BEGIN Data segment
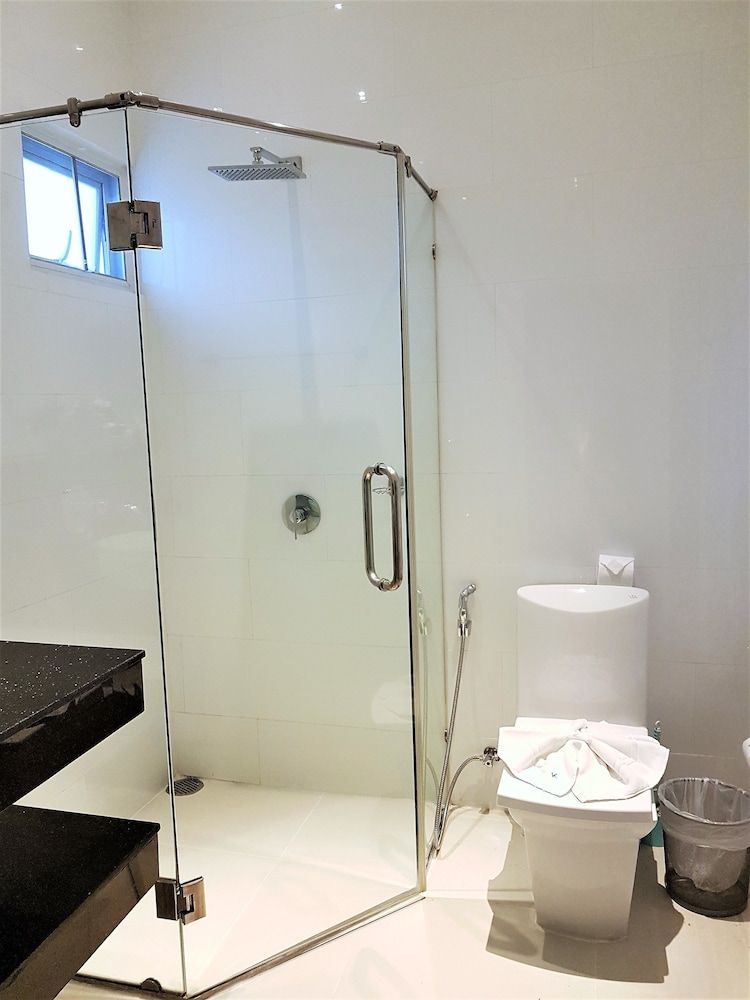 Sunset Plaza 2 Karon Beach by PHR Panoramic Penthouse, 4 Bedrooms, Jetted Tub, Sea View 38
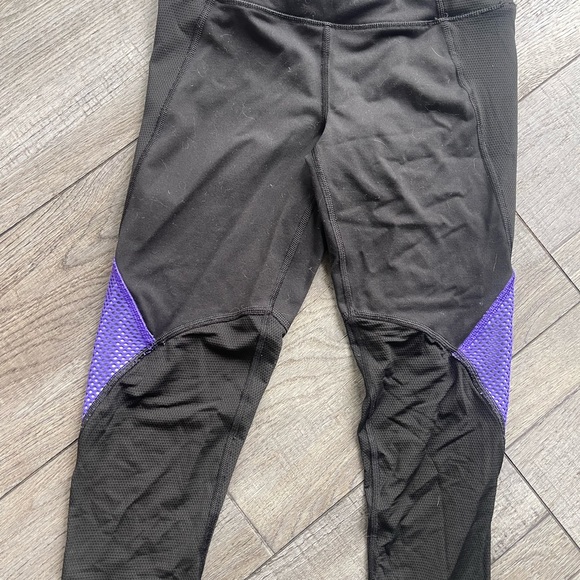 Victoria Secret Sport leggings - Picture 3 of 5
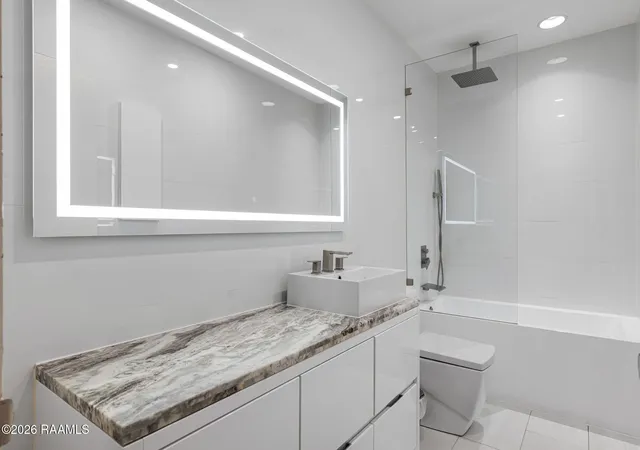 Photo 4 of Single family home for sale at 142 Cedar Crst Ct, Lafayette, LA 70501 | MLS# 2600006068 | Listing updated on 2026-09-03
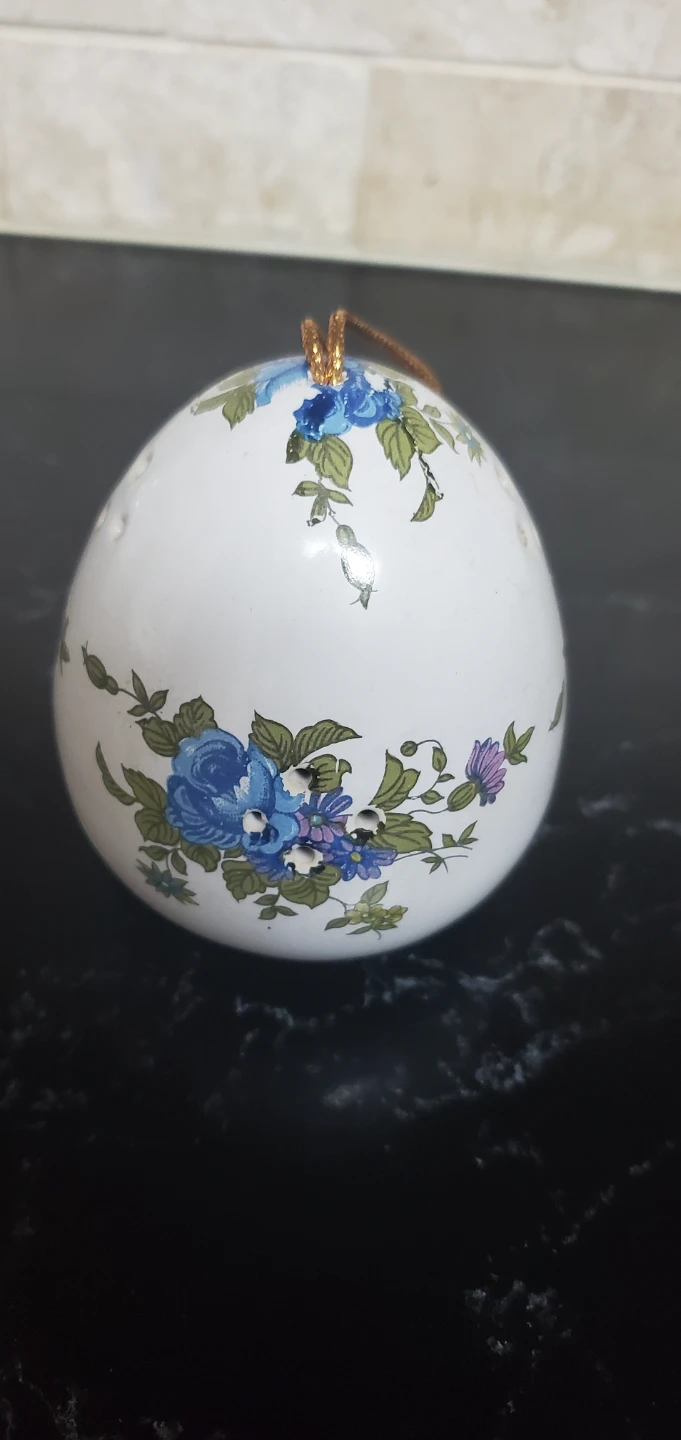 Vintage Floral Porcelain Egg Ornament 🏈🏈🏈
END Data segment
§ Action item
Give the data above again exactly. Leave the pictures out.

§ Answer to the exercise
 Sunset Plaza 2 Karon Beach by PHR Panoramic Penthouse, 4 Bedrooms, Jetted Tub, Sea View 38
 Victoria Secret Sport leggings - Picture 3 of 5
 Photo 4 of Single family home for sale at 142 Cedar Crst Ct, Lafayette, LA 70501 | MLS# 2600006068 | Listing updated on 2026-09-03
 Vintage Floral Porcelain Egg Ornament 🏈🏈🏈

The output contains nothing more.